For years I had seen this album staring back at me from the avant-garde section at Amoeba Hollywood, where I had worked years ago. But despite my adoring his Out of the Blue and Country Boy Country Dog (How To Discover Music in the Sounds of Your Daily Life), to say nothing of Detours’ appealingly late 1990s-esque cover, I never took a chance on the album. Having finally acquired it during Unseen Worlds’ coronavirus relief sale, all I can ask is: What took so long?

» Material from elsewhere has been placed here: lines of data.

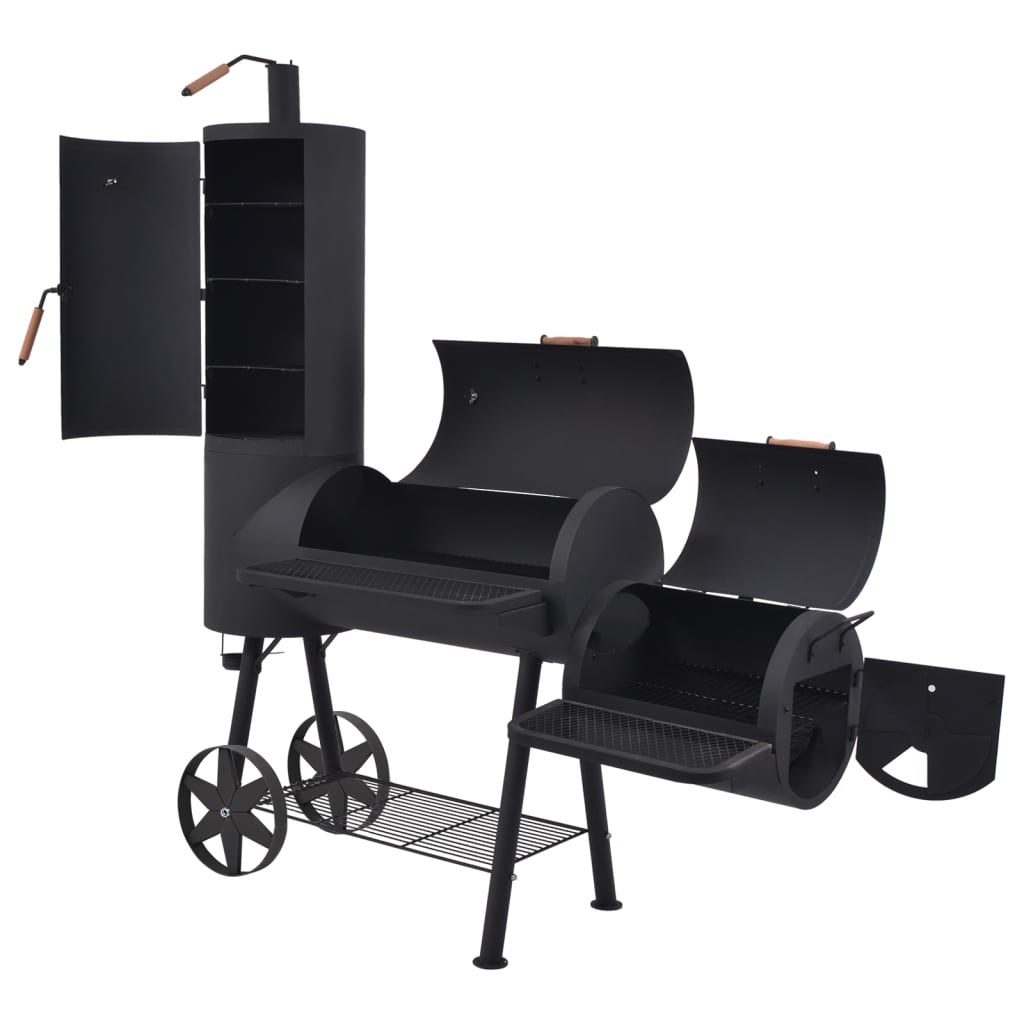 8718475507185_g_en_hd_1 vidaXL BBQ Charcoal Smoker with Bottom Shelf Black Heavy XXL - Image 2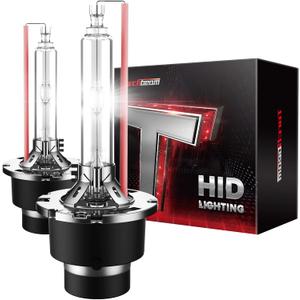Torchbeam D2S D2R HID Bulbs, 400% Brightness, 35W Xenon Headlight Bulbs, 6000K Diamond White HID Lights, Metal Snap Ring and Base, 5 Minutes Installation, Pack of 2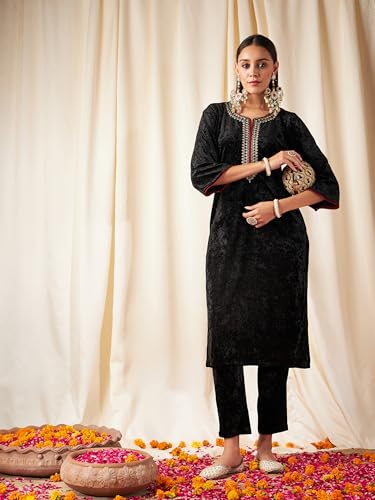 Image of Women's Velvet Floral Embroidered Straight Kurta | Round Neck Three-Quarter Sleeve Calf Length Kurti with Thread Work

Tyranny unspools thread after lyric thread of lyricism, while gently peeling off the veneer of pretense and affectation that have encrusted themselves upon minimalism post-John Adams. It is simultaneously a distillation and an encapsulated retrospective of Tyranny’s art. Wafting by are traces of influences, of musical doings long ago; bits of parlor song calling out across the chasm of time, the sprightly chatter of synthesizers wryly answering back. their wistfulness augmenting this music’s crepuscular feel. It is music borne of a lifetime’s strivings, hopes, heartbreaks, joys; untouched by bitterness; filled only with gratitude.
If Bartók had his “night music,” then in Detours “Blue” Gene Tyranny gives the listener “twilight music”: Rarefied musical visions which dance along the shimmering frontier straddling waking and repose.
A quiet milestone in the work of a modern American master.